(Instructions for the task):
Print out every line of the material exactly. Include no pictures.

(Recorded data):
□ □ □ □ □

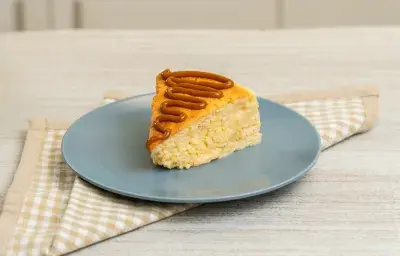 Cheescake Esponjoso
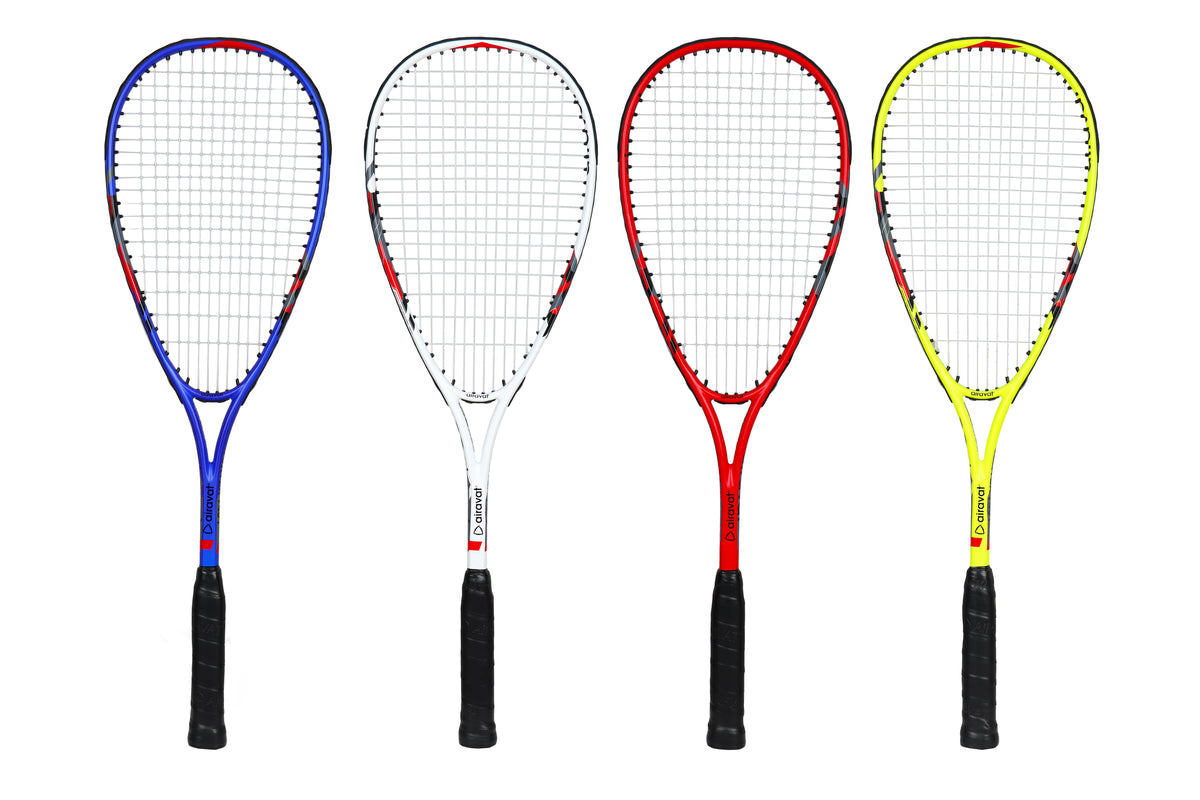 Squash Racket Morone VORTEX SQUASH RACKET 7401 – Airavat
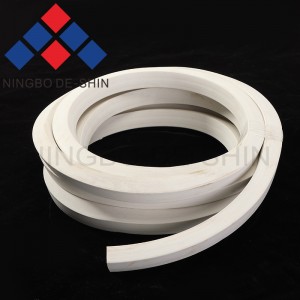 Charmilles Door seal 20 x 20 mm / m 200434418, 434.418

□ □ □ □ □

(Exercise output):
 Cheescake Esponjoso
 Squash Racket Morone VORTEX SQUASH RACKET 7401 – Airavat
 Charmilles Door seal 20 x 20 mm / m 200434418, 434.418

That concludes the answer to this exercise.